LONDON: Digital services, including video and music streaming as well as games downloads, were among the fastest growing categories in the UK entertainment retailing sector in 2013, according to preliminary end-year figures.
The Entertainment Retailers Association (ERA) highlighted digital video
, which includes iTunes downloads and streaming services like Netflix, Lovefilm and Blinkbox, which it said had grown 40.2% to reach £621.4m.
Music streaming, which takes in the likes of Spotify, Deezer, O2 Tracks and bloom.fm, was up 33.7% to £103m, while digital games, which covers mobile gaming as well as PC and console downloads, increased 16.4% to £1.18bn.
The digital market was growing significantly quicker than the overall UK music, video and games market which rose a more modest 4% to reach £5.4bn. Games were the biggest sector, accounting for 41.4% of the total, followed by video on 38.9% and music on 19.7%.
While digital sales were racing ahead, physical sales were declining, although they still accounted for the greater part of the video and music categories.
Physical sales of video were down 6.8% to £1.44bn, while those of music dropped 7.6% to £542.7m; games slipped back 2.9% to £1.055.5m. The best-performing physical formats were Blu-ray video up 10% to £251.8m and vinyl albums whose sales more than doubled (up 101%) to £14.6m.
Kim Bayley, ERA Director General, hailed the figures as "a stunning result after at least five years of decline". She noted that new technologies had historically presented challenges to the entertainment business, "but these results show how our members are helping music, video and games companies find new markets," she declared.

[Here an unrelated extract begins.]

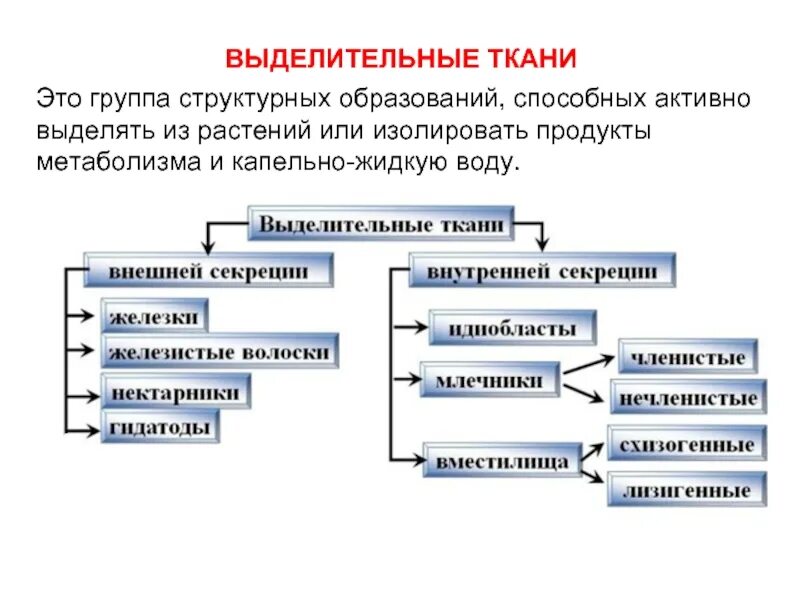 Выделительные ткани особенности строения примеры значение Выделительная ткань растений рисунок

"The big picture growth story in entertainment is clearly digital," she said, "but the success of Blu-ray and – most astonishingly vinyl – demonstrates that physical formats can still flourish when they are able to offer something distinctive."
Bayley thought that video had done well to maintain its physical presence while enjoying strong digital growth. "The challenge for video companies in 2014 will be to establish attractive physical formats which offer digital copies which enable them to hang on to valuable store space," she suggested.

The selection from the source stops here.